Intervention de Jean Quatremer

Réunion du 16 janvier 2015 à 9h00
Groupe de travail sur l'avenir des institutions

Jean Quatremer :

J'aimerais dissiper un malentendu. Je n'ai pas dit que tout allait bien en Europe et mal en France. Je voulais simplement remettre les choses en perspective.
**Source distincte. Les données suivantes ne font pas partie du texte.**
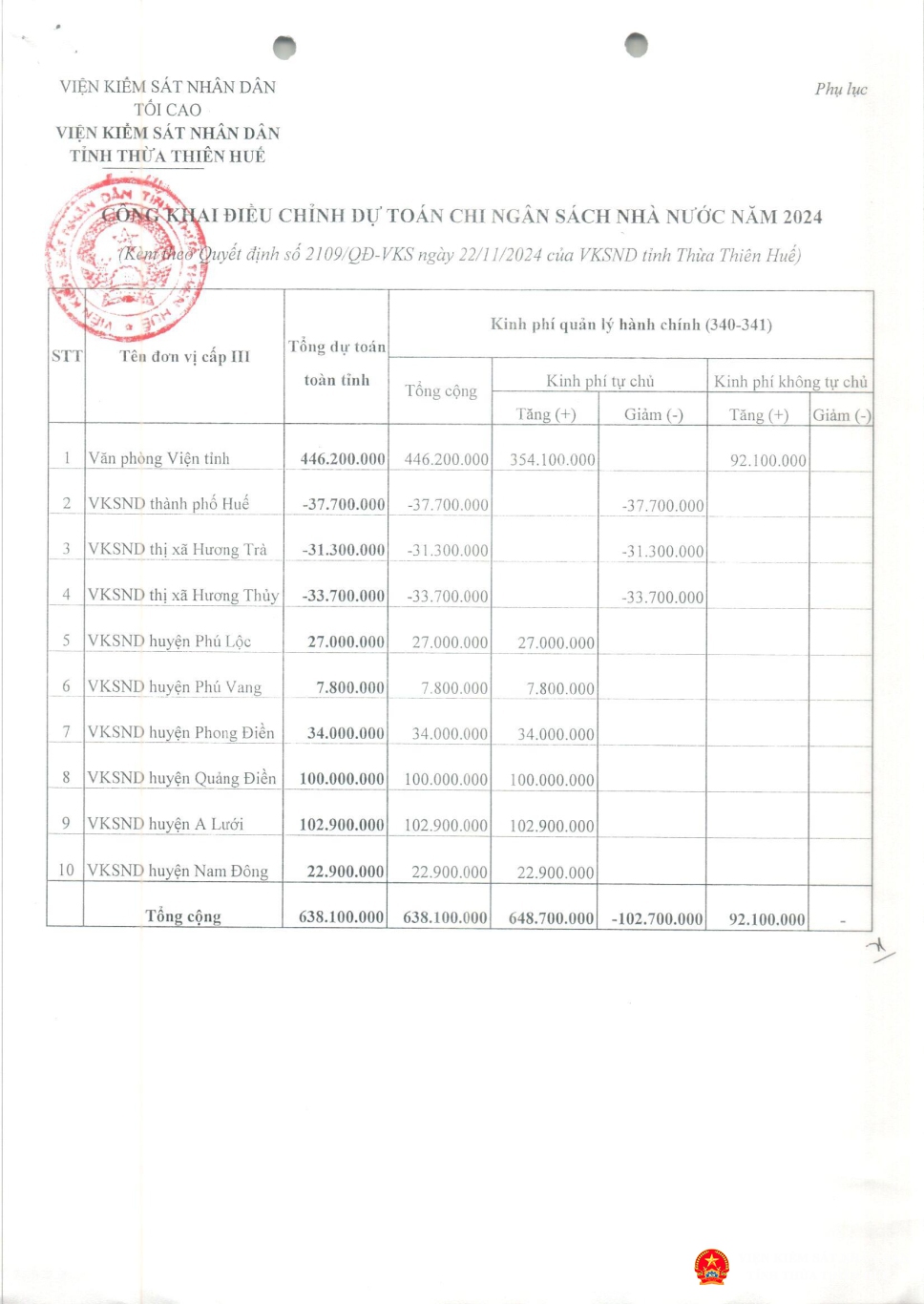 qd cong khai dieu chinh du toan 2024 toan tinh page 2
Une chose doit être claire pour nos partis politiques traditionnels – je ne parle pas des europhobes. Ils tombent dans le piège tendu par ces derniers en confondant les politiques européennes et le projet européen. On peut être en désaccord avec la politique menée par François Hollande sans être pour autant antifrançais. Pourtant, c'est l'Europe que critiquent ses détracteurs, non les politiques européennes. Vous croyez que j'étais d'accord avec la politique de la Commission Barroso ? Avec celle du Conseil européen lorsque Nicolas Sarkozy y siégeait ? Vous croyez que j'ai soutenu la création de la Troïka et les politiques d'austérité conduites en Grèce ? Jamais de la vie ; mais je n'ai pas pour autant versé dans l'europhobie ni même dans l'euroscepticisme. Je trouve ce mélange des genres très dangereux. Si la critique des politiques menées est légitime, celle du projet européen fait basculer à l'extrême droite, dans le nationalisme, le souverainisme.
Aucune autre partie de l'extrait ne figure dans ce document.